### Required action
For the records below, copy exactly the span that begins at the line containing "Used Peugeot 3008" and stops after the line containing "Used 2025 GMC", minus any pictures.

### Input records
========

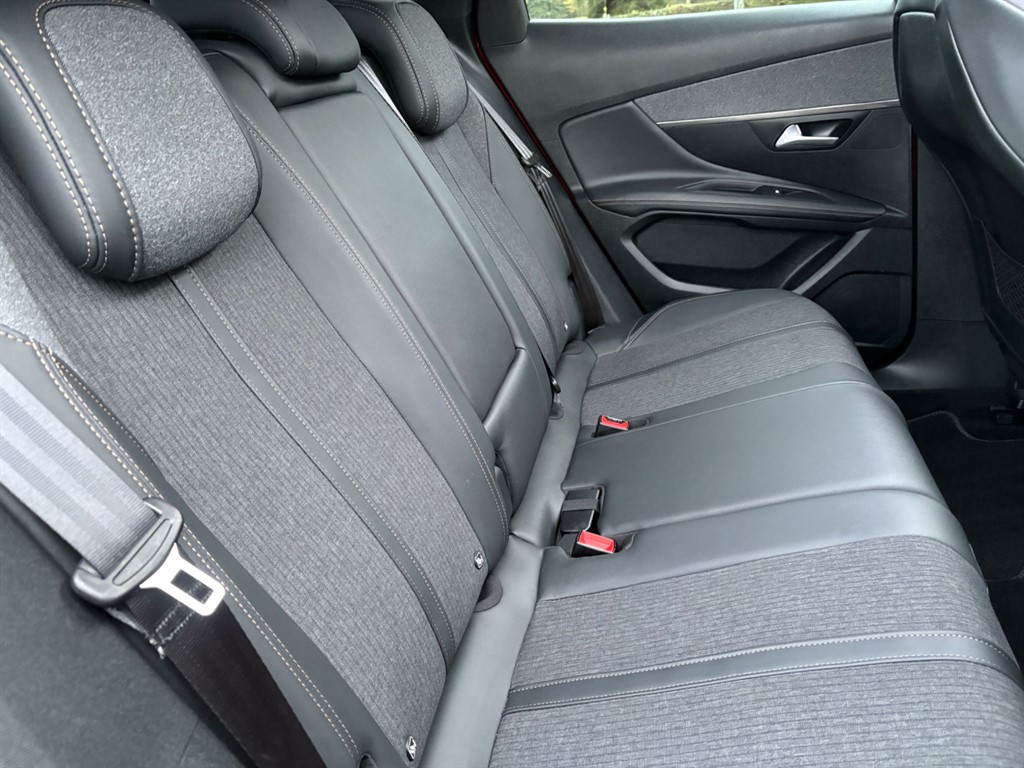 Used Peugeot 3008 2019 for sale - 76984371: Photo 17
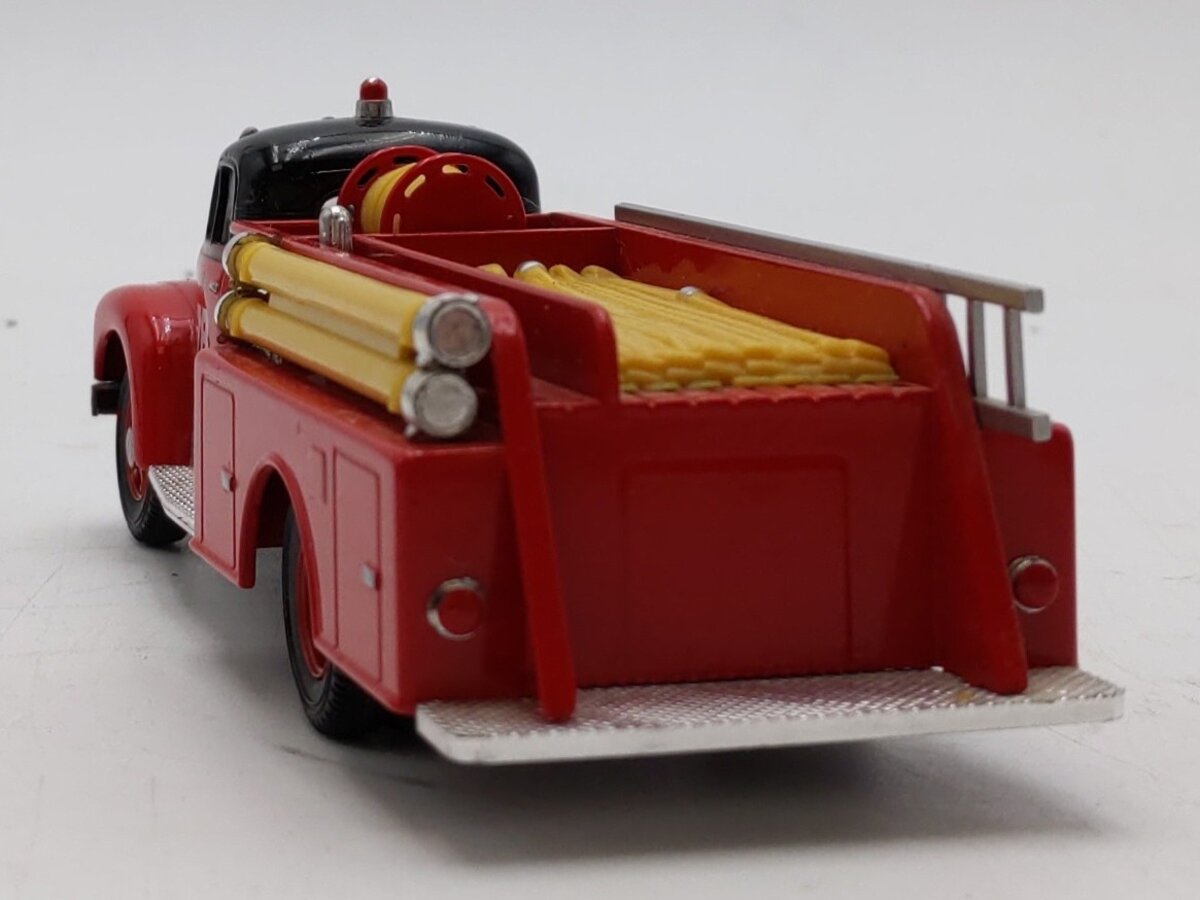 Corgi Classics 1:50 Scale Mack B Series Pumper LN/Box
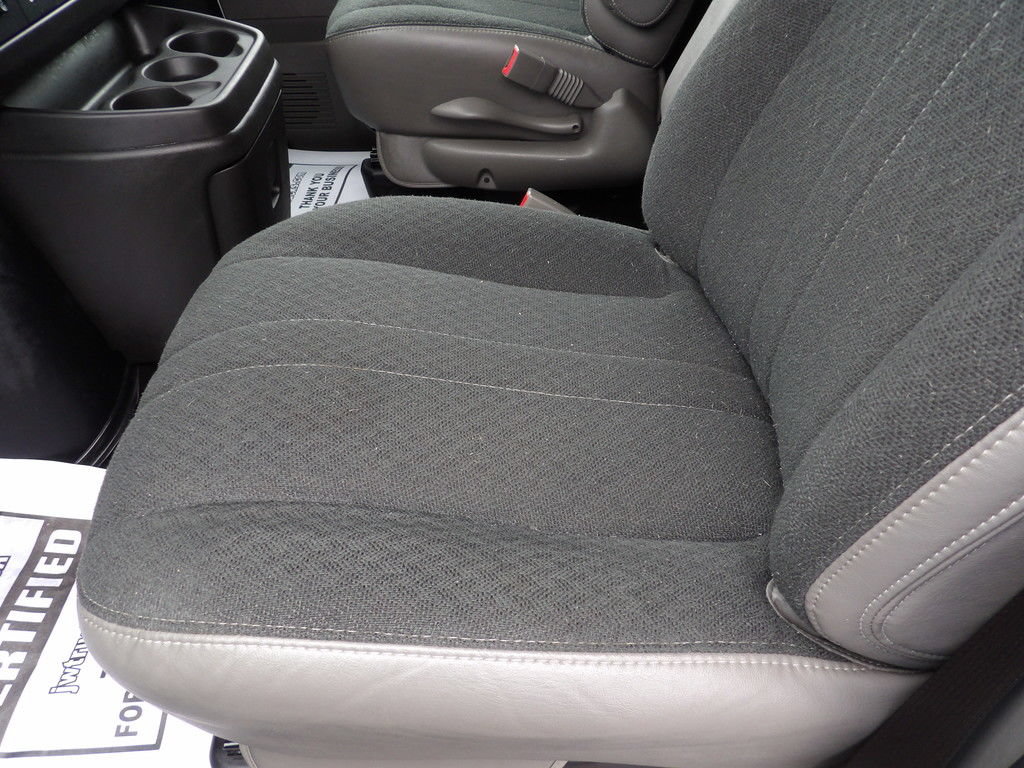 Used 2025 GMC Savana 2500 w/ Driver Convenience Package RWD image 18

========

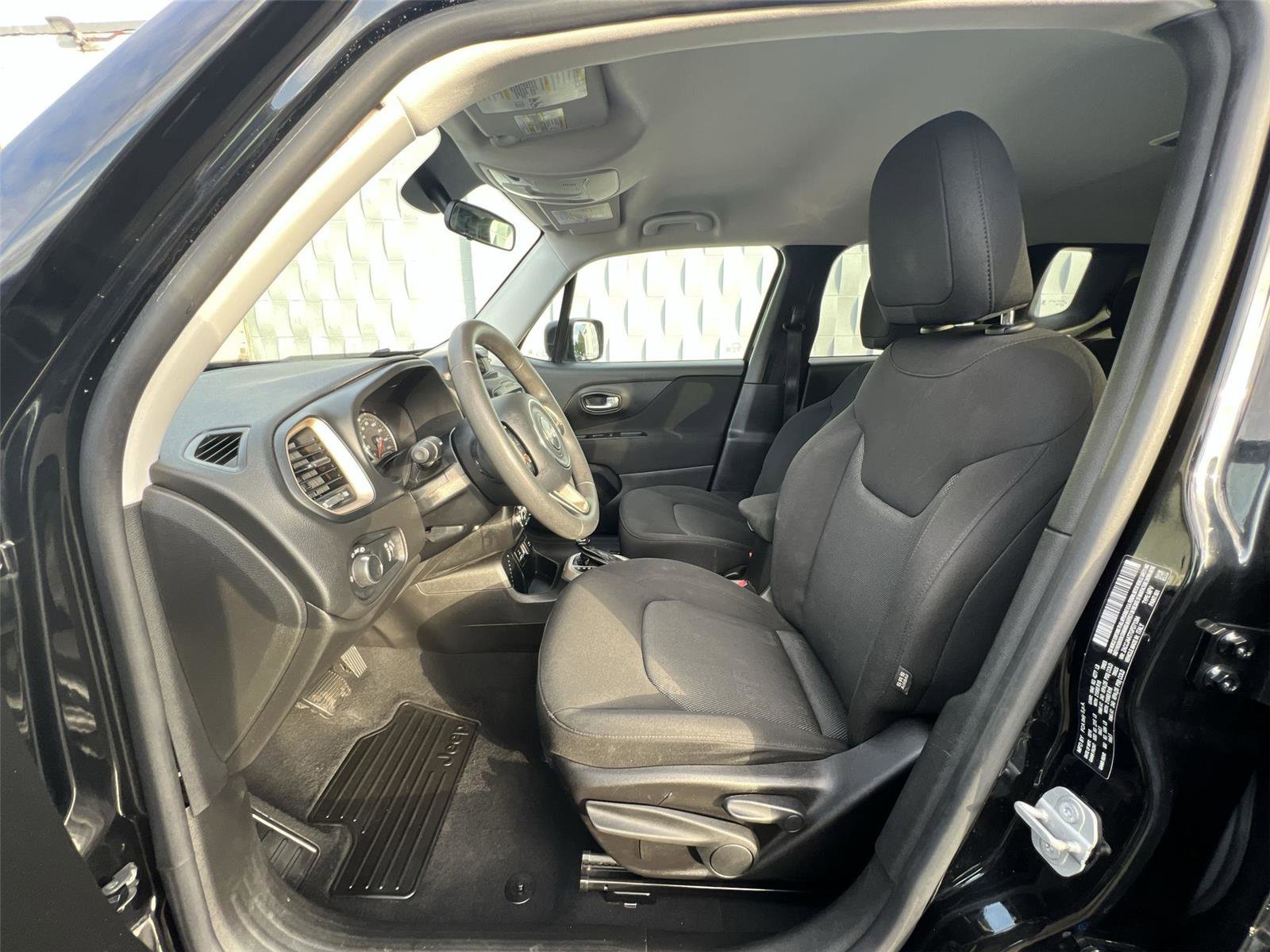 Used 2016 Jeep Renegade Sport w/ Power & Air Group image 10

========

### Solution
 Used Peugeot 3008 2019 for sale - 76984371: Photo 17
 Corgi Classics 1:50 Scale Mack B Series Pumper LN/Box
 Used 2025 GMC Savana 2500 w/ Driver Convenience Package RWD image 18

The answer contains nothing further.